Difference between Force Touch and Capacitive Pressure Sensing

So quick question, I'm curious, and no one has really shed any light on this. Many modern capacitive touchscreens even on for example the Nexus 4 can distinguish pressure on the touchscreen, and there have been xPosed modules that can utilize this feature. How is this honestly different than force touch? And what kind of reliability are we expecting here? If there is a type of membrane that is depressed and activates the iPhones context menus, isn't that a wear part? Will this be something that will supposedly fail after a certain amount of presses? Also, how is this different than the Android long press context menus? Probably not by much, this will be an interesting feature to see implemented into new phones since things that Apple elaborates on ends up finding its way onto other devices.... Inputs?

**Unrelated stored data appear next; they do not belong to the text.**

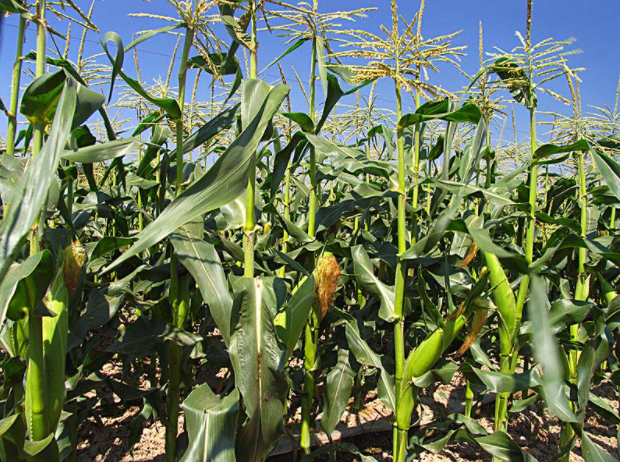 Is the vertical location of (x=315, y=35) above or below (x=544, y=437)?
above

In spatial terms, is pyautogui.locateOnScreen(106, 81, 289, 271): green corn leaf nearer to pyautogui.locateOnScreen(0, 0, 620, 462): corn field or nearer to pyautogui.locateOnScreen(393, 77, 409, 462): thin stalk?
pyautogui.locateOnScreen(0, 0, 620, 462): corn field

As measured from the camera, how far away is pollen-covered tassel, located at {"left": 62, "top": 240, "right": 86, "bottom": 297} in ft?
4.99

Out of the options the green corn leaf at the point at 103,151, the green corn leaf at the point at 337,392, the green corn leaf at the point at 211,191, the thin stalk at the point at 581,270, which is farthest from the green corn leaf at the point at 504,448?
the green corn leaf at the point at 103,151

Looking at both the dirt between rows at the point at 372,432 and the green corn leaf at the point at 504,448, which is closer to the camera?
the green corn leaf at the point at 504,448

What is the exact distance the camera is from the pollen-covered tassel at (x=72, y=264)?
4.99 feet

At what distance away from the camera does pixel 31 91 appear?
48.1 inches

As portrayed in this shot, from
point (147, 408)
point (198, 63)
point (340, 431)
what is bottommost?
point (340, 431)

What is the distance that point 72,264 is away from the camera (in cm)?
153

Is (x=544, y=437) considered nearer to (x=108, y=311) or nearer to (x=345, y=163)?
(x=345, y=163)

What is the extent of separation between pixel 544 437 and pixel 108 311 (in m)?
3.27

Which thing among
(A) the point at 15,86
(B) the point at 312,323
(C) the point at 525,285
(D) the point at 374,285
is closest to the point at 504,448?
(C) the point at 525,285

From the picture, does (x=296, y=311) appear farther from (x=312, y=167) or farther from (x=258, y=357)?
(x=312, y=167)

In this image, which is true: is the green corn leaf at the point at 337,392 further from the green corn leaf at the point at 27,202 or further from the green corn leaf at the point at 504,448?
the green corn leaf at the point at 27,202

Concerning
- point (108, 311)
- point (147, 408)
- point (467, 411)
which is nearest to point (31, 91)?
point (108, 311) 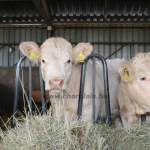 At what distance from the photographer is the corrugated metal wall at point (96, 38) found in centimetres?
1214

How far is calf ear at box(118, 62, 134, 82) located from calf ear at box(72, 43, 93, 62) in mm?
534

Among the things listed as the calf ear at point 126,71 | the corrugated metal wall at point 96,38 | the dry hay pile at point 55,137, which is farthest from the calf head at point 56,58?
the corrugated metal wall at point 96,38

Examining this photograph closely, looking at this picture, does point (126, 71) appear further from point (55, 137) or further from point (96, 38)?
point (96, 38)

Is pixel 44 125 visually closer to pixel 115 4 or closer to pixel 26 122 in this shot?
pixel 26 122

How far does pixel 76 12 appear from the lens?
11.0 metres

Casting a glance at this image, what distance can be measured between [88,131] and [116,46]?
10410 mm

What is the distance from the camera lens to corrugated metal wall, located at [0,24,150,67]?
12.1m

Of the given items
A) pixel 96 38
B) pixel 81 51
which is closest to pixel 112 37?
pixel 96 38

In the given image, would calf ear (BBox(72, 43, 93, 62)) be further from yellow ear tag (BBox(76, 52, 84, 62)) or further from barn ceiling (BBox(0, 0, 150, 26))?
barn ceiling (BBox(0, 0, 150, 26))

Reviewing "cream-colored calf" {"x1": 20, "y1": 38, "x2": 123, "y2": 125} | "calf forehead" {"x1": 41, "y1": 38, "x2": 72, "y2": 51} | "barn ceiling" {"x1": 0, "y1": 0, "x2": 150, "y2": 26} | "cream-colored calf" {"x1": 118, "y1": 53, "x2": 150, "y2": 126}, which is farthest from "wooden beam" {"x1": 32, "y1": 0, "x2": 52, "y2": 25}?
"cream-colored calf" {"x1": 118, "y1": 53, "x2": 150, "y2": 126}

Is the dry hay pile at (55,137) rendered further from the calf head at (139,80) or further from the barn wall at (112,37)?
the barn wall at (112,37)

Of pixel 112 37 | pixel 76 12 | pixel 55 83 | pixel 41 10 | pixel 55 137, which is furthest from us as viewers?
pixel 112 37

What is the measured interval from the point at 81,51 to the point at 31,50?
728 millimetres

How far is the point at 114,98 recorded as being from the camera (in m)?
4.87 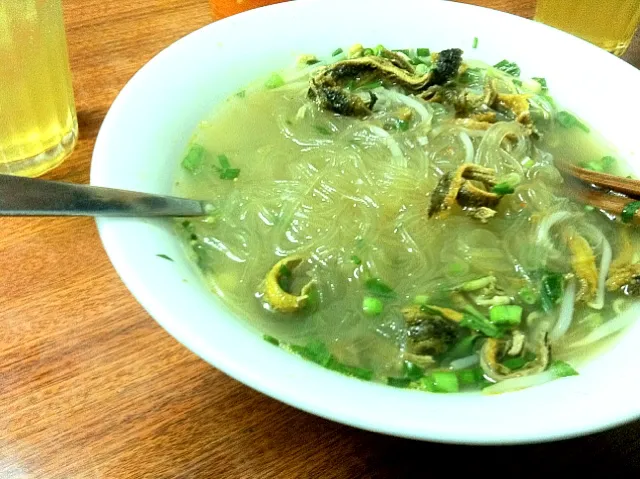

From what I heard, 3D touch is achieved by many sensors somewhere around the back light of the device that are able to detect minuscule amounts of flex in the touch screen. It seems as though so far, this achieves pretty much the same actually as android context menus but could have different applications for games and in the future.

I wasn't aware of the Nexus 4 or any android device having something like this. Upon looking into it, unless I found the wrong thing, it seems as though the detection principle behind that is actually based on the surface area taken by a single touch, and not actually by the amount of pressure applied.

I did forget to mention that Huawei actually did show a feature similar to this for the Mate S.

Force Touch is realistically a "Marketing" Gimmick. all Apple did was add a "Right Click" to iOS and WatchOS. that's about it. that's all it does. as for the capacitive pressure sensing. versus force touch. if you want to get down to it. there is no difference. they both do the same crap. it's just one does a feature. they other doesn't (Capacitive pressure).